PROBLEM REQUIREMENTS
Exactly as written, retype the listing below, omitting the pictures.

INFORMATION PROVIDED

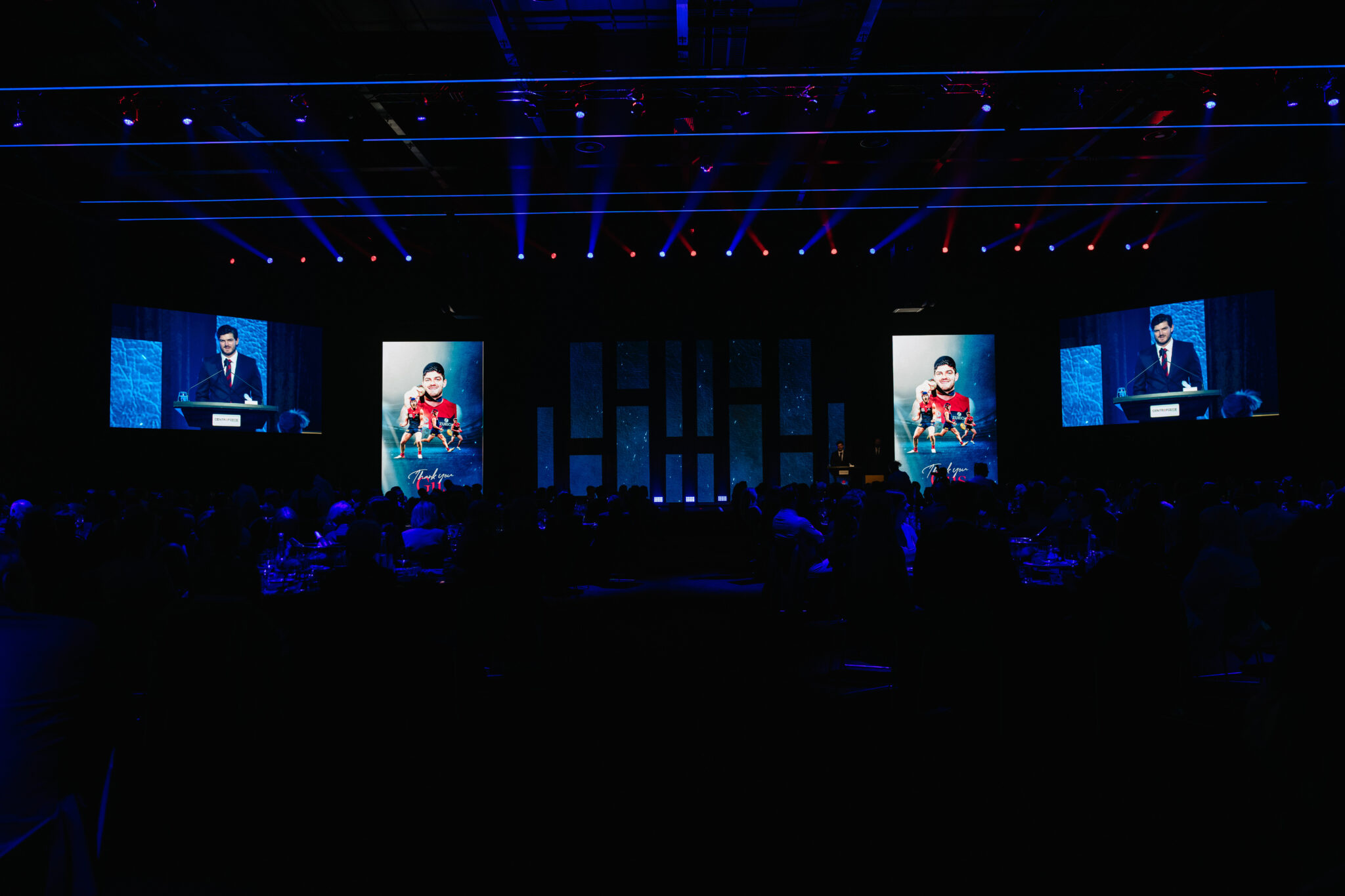 A dark auditorium with an audience faces a stage lit by blue and purple lights. Three large screens display a speaker at a podium and an image of a person in a red outfit.
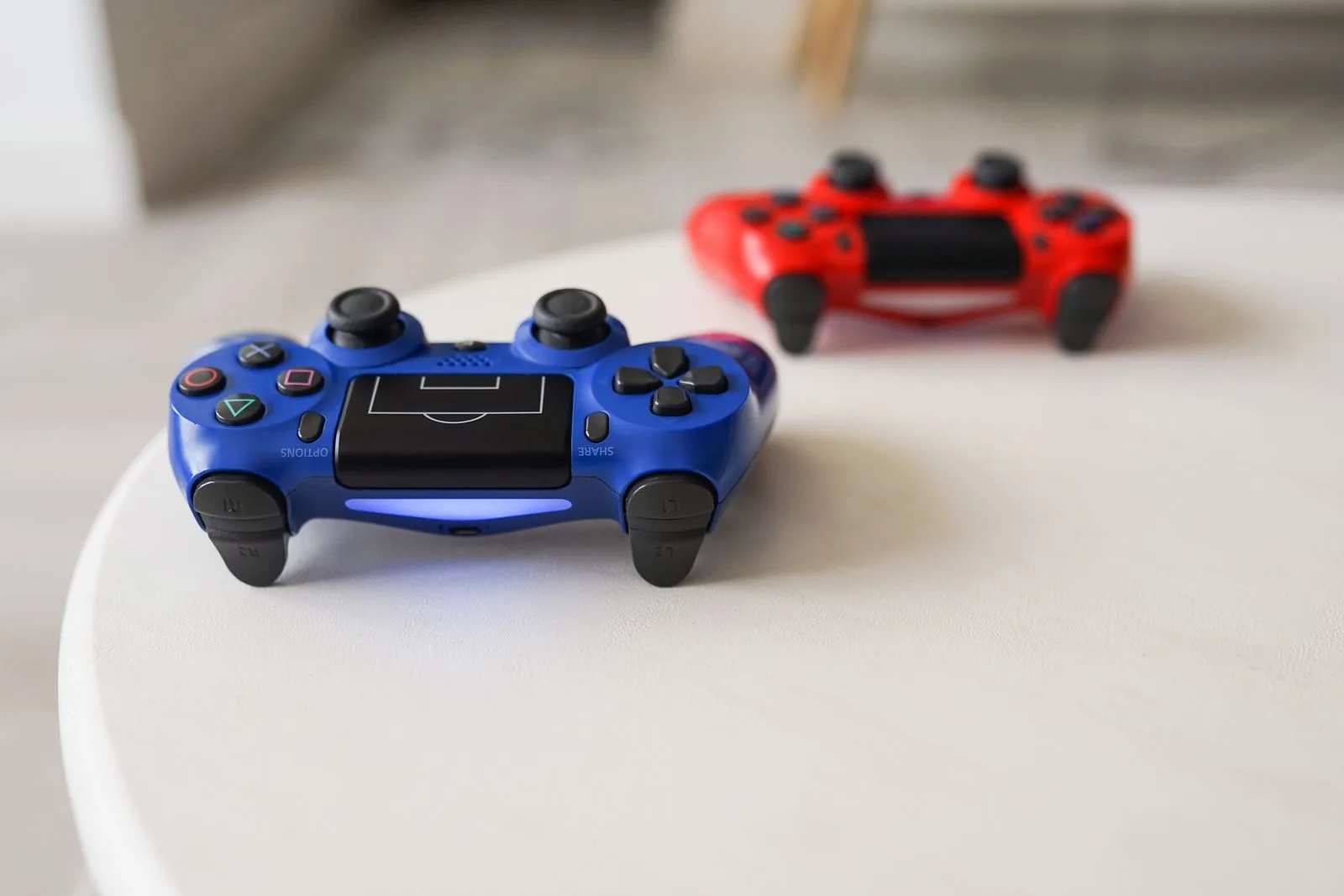 Multiple game controllers for different consoles laid out on a table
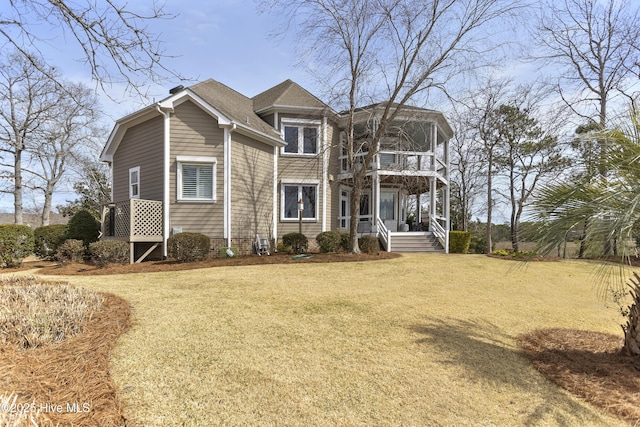 view of front of house featuring a front yard, a balcony, and roof with shingles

WRITTEN ANSWER
 A dark auditorium with an audience faces a stage lit by blue and purple lights. Three large screens display a speaker at a podium and an image of a person in a red outfit.
 Multiple game controllers for different consoles laid out on a table
 view of front of house featuring a front yard, a balcony, and roof with shingles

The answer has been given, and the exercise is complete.